Description of Warshall
I do not wanna describe the specific principle of the Warshall, I just would like to use a simple example to demonstrate the working function of the Warshall.
Simple example
I assume an array named M with the size of 4*4. 4 is the number of row and 4 is the number of colume.
step1: Look at the colume 1 of M, M(3,1)=1 and M(4,1)=1. So we will add the row 1 to the row 3 and row 4 seperately. [Noted: 1+1=1]

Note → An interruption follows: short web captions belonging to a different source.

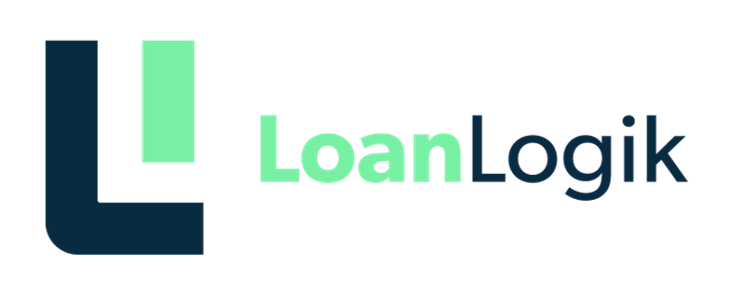 LoanLogik logo
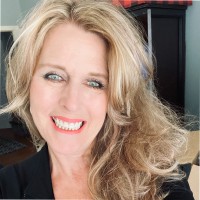 jacqueline dugan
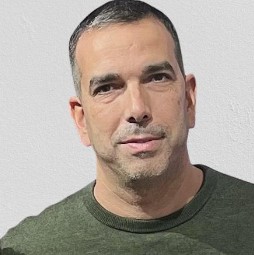 XAVIER FULLADOSA CABANES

step2: Look at the colume 2 of M, M(1,2)=1, M(3,2)=1 and M(4,2)=1. So we will add the row 2 to the row 1, row 3 and row 4 seperately.
step3: Look at the colume 3 of M, M(1,3)=1, M(2,2)=1, M(3,2)=1 and M(4,2)=1. So we will add the row 3 to the row 1, row 2, row 3 and row 4 seperately.

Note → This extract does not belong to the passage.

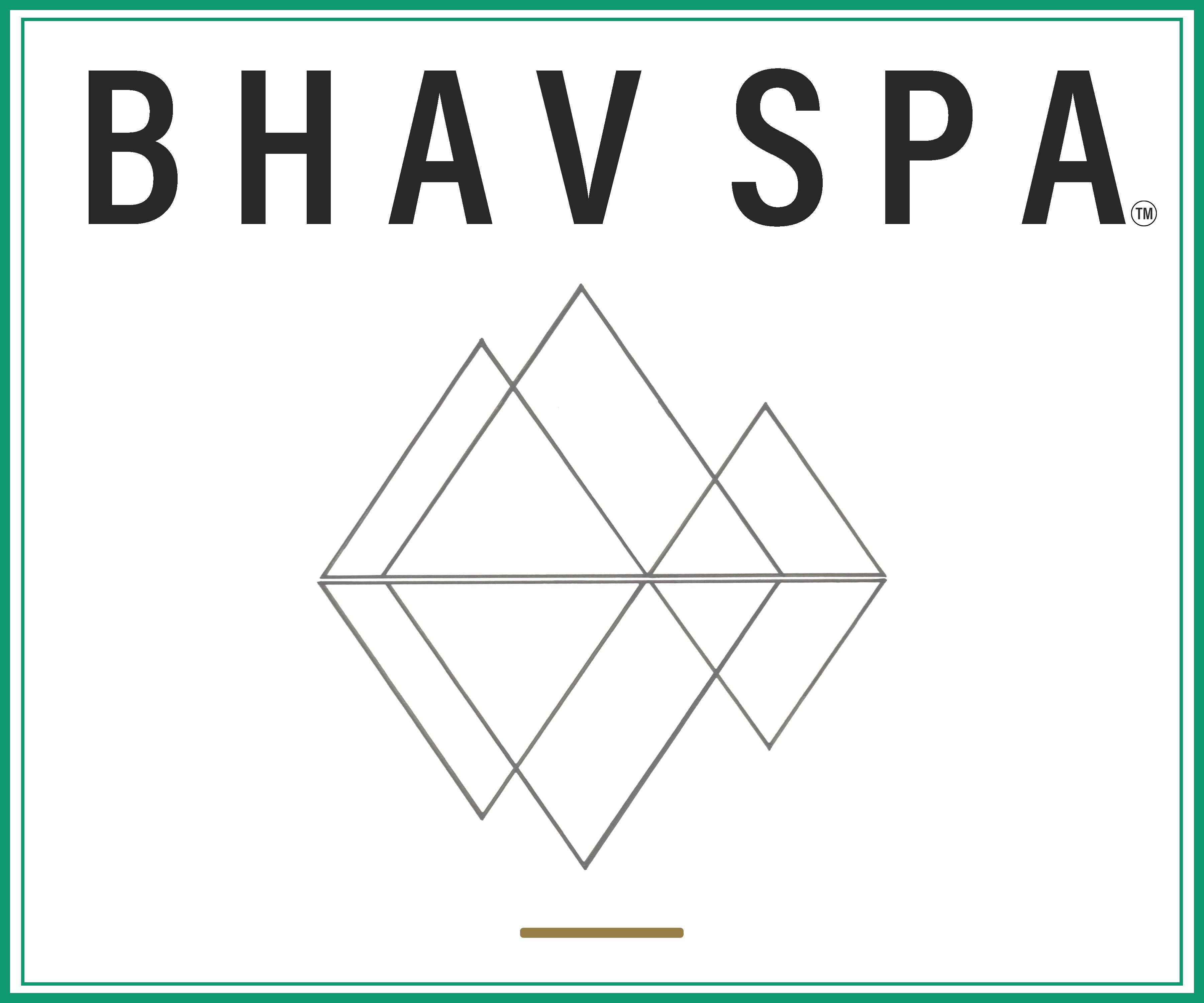 Bhav Spa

step4: Look at the colume 4 of M, M(1,4)=1, M(2,4)=1, M(3,4)=1 and M(4,4)=1. So we will add the row 4 to the row 1, row 2, row 3 and row 4 seperately.
Implementation Code
#include <stdio.h>
#define N 4
int get_matrix(int a[N][N])
{
int i = 0,j = 0;
for (i = 0;i < N;i++)
{
for (j = 0;j < N;j++)
{
scanf("%d",&a[i][j]);
if (a[i][j] != 0 && a[i][j] != 1)
return 1;
}
}
return 0;
}
int output_matrix(int a[N][N])
{
int i = 0,j = 0;
for (i = 0;i < N;i++) {
for (j = 0;j < N;j++) {
printf("%d ",a[i][j]);
}
putchar('\n');
}
}
int warshall(int a[][N])
{
int i = 0;
int j = 0;
int k = 0;
for (i = 0;i < N;i++)
{
for (j = 0;j < N;j++)
{
if (a[j][i])
{
for (k = 0;k < N;k++)
{
a[j][k] = a[j][k] | a[i][k];
}
}
}
}
}
int main()
{
int a[N][N] = {0};
printf("please input a matrix with %d * %d:\n",N,N);
if (get_matrix(a))
{ printf("Get matrix error!Only 0 or 1 in matrix!\n");
return 1; //错误返回主函数,返回值为1;
}
warshall(a);
output_matrix(a);
return 0;//正常返回主函数,返回值为0;
}